The Cornell Labor and Employment Law Program studied the rights of employers to have a safe and drug-free workplace in conjunction with the rights of adults, including workers, to use marijuana recreationally in New York after the drug was legalized in March 2021. The labor law makes an exception for federal employees and also workers at companies with federal contracts; those workers are still subject to cannabis testing due to the drug’s classification as a Schedule 1 drug federally, which lumps it with drugs such as ecstasy, heroin and LSD.
Esta Bigler, director of the Cornell program, said that their findings show the law lacks clear regulations on how and when employers can test for cannabis. “It is a recreational drug, and it is not to be used at all when you’re working,” Bigler said. “It sounds simple, right? But it’s not.”
The main problem, Bigler said, is that tests generally show cannabis use for up to 30 days. There is no affordable, reliable test for marijuana impairment that could show if someone was actively under the influence at work, although companies are jockeying for one and some claim their tests are trustworthy.
“The science has not caught up and that’s part of the problem here,” Bigler said. The development of a test, similar to a breathalyzer for marijuana, would also solve major problems for law enforcement in determining whether someone is driving under the influence.
Assembly Majority Leader Crystal Peoples-Stokes agrees that a reliable test for impairment would solve a lot of issues for employers and law enforcement while being more fair to employees. Peoples-Stokes believes that technology is forthcoming, with more research and development being done within the cannabis industry and promoted by New York's Marihuana Regulation and Taxation Act.
“People should be patient and allow us to work through the issues as it relates to building on this cannabis regulation in New York as well as protecting people in their places of work,” Peoples-Stokes said.
Cornell’s report recommended that changes be made to the law to include a private right of action for employees who are fired for lawful cannabis use, allowing them to take legal action to dispute their firing.
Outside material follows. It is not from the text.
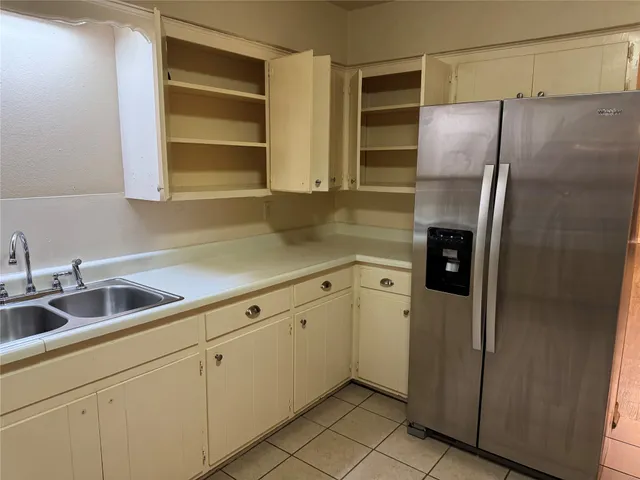 a kitchen with stainless steel appliances cabinets and a refrigerator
They also called for those employees to have a reasonable opportunity to dispute disciplinary actions against them for cannabis use.
The report asserts that the law should be clarified to require both a positive drug test and an “evidence-based” evaluation of impairment for a finding of employee misconduct.
Peoples-Stokes believes that employers determining signs of impairment can be subjective and that employees may disagree with claims against them, similar to other issues within the workplace. To lodge a dispute, employees can contact the state Department of Labor, the assemblywoman said.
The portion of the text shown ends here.